The hardest things in life don't come with an instruction manual. I can hardly type the words. I know it's a matter of days before my mom dies. And I don't know how to do this.

I'm figuring out the tasks--push the morphine, push the Zofran, empty the nephrostomy bag, empty the fistula bag, change the fistula dressing, change the diaper, get her whatever she wants to drink or ice chips, cover or uncover her.

But to talk--as she's in and out of sleep, how do I ask the things I want to know that seem so unimportant? Which family line did these old dishes come from? What gospel reading did you want read at the funeral you don't even want but you agree isn't for you--it's for us?

And the simple regrets--I wish I would have pushed you the other day when you were having a good day to record that book for my babies. I don't want them to forget you and the sound of your voice and they have these awesome books that we can record. And now I'm not sure you'll be able to do it.

And we aren't 'touchy' people--should I be now? Should I try to hold your hand or stroke your cheeks or continue to just look at you from across the room?

I wish there was an instruction manual.

Thursday, August 08, 2013

Answers and Questions

The situation that was weighing most heavily on me has been resolved (mostly). I have my answer.

Which leads to a question:
Is God going to make good come out of the answer or did God direct us all to answer the question the way we did because that's what God wanted to happen?

I do go back on forth in answering this question--specifically related to this situation, but also in general. I was really struggling and hurting and praying and discerning and couldn't feel good about the choice I thought I was going to have to make. I trust God to make good things come out of and from any situation, this one included. And I can't believe that God is a puppet who directs us to only do certain things--I believe God gave us free will. And yet--I can't help but feel this was the 'right' answer.
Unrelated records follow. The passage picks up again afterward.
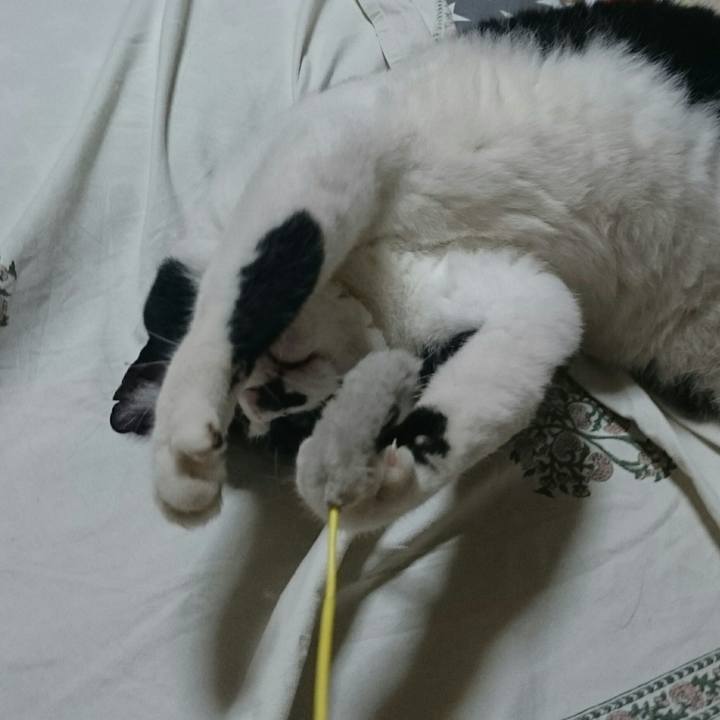 8745beb1 490c 4fbd b3c2 72cc378d439a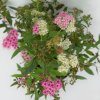 Spiraea japonica 'Genpei'  Tavolník 'Genpei'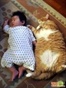 猫猫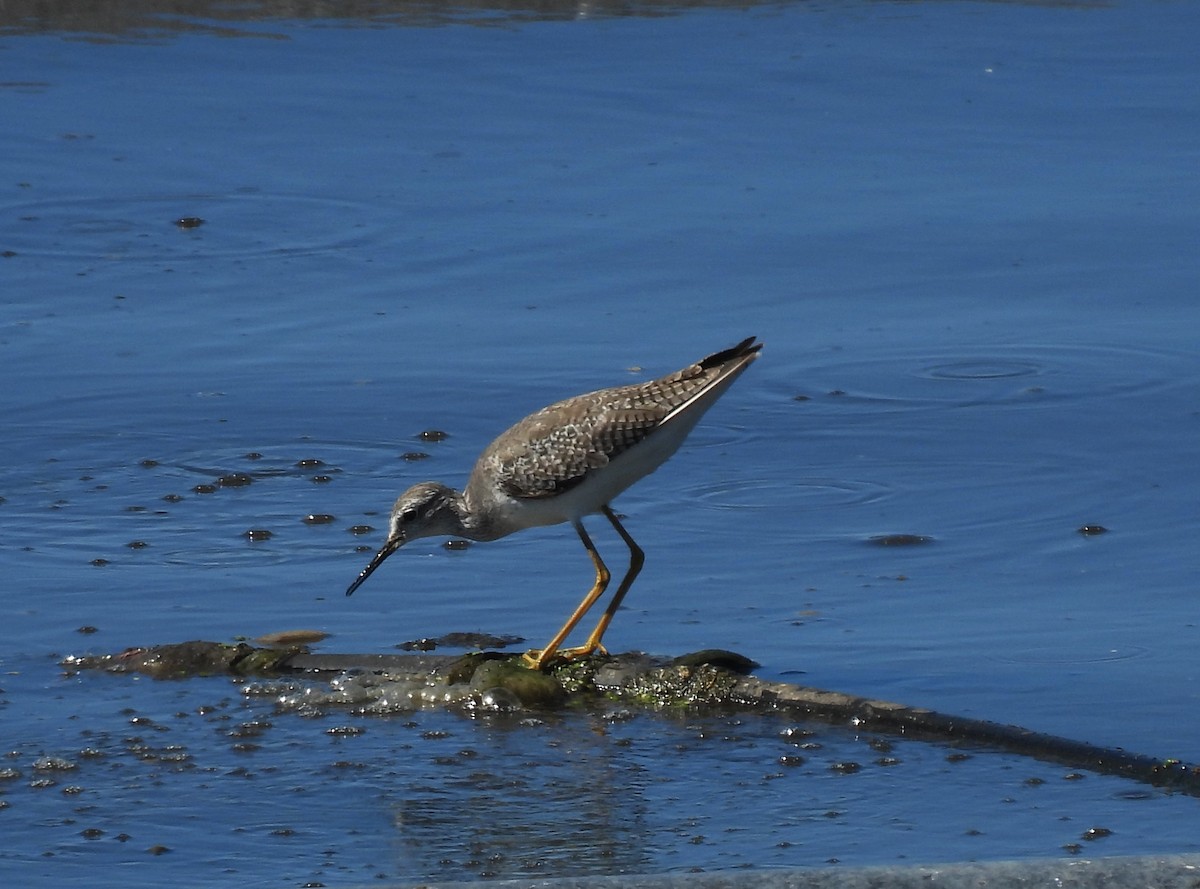 Lesser Yellowlegs - ML612158083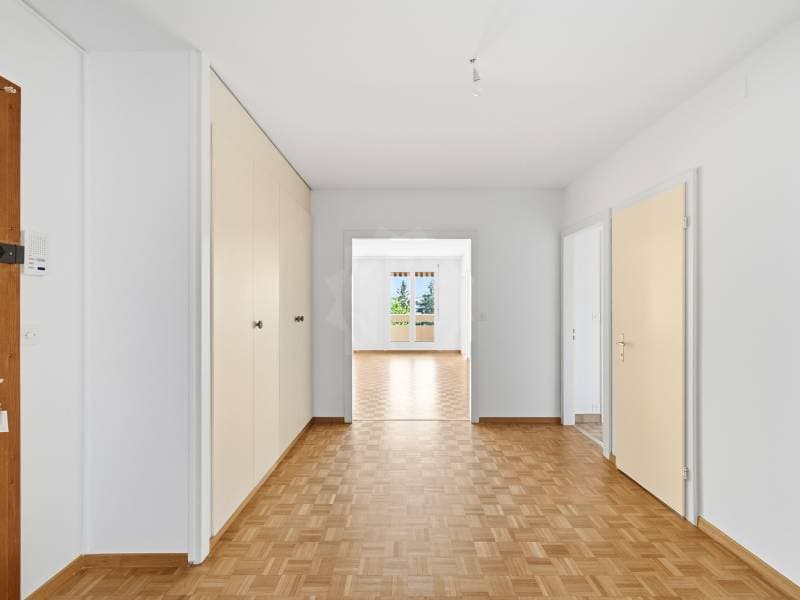 Geräumiges Appartement - Thônex (5)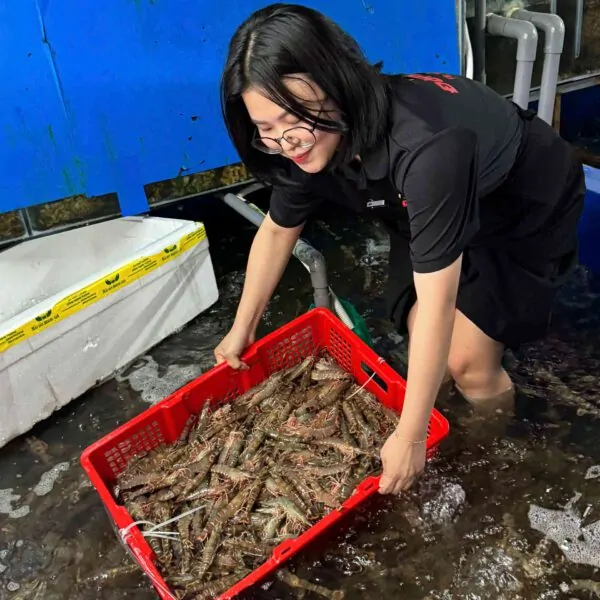 Tôm sú làm sashimi – món Nhật được ưa chuộng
I have my answer--an answer that I'm really completely fine with. I'm relieved even. And yet, there's some psychic weight to this situation--some feelings left unresolved, some concern and care for people involved, a bit of 'what might have been,' and a wish that I hadn't had to walk that road.

Answers--questions. It seems like one always leads to the other. I'm generally okay with ambiguity but right now I'm looking for some clarity, something solid. Something light and free because my heart and mind feel heavy and sluggish. I'm not who I want to be.


Thursday, July 11, 2013

Quiet -- Private?

I've been really quiet here lately. Really quiet.

And I have so much swirling in my mind that I'd like to write about. But I can't get past the fear that people I know beyond the internet (who didn't already know I had this blog) will find this space. Because so much of what is going on cannot be public right now.

Chaos seems to abound in my life right now--and I'm exhausted. I'm tired and stressed and stretched to my limits.

I need someplace to let these ideas out. I need a home for my words. I could write and not post I suppose, but with all going on it seems like a waste of time. Unless I know there are others to here--unless I know that there are people who care.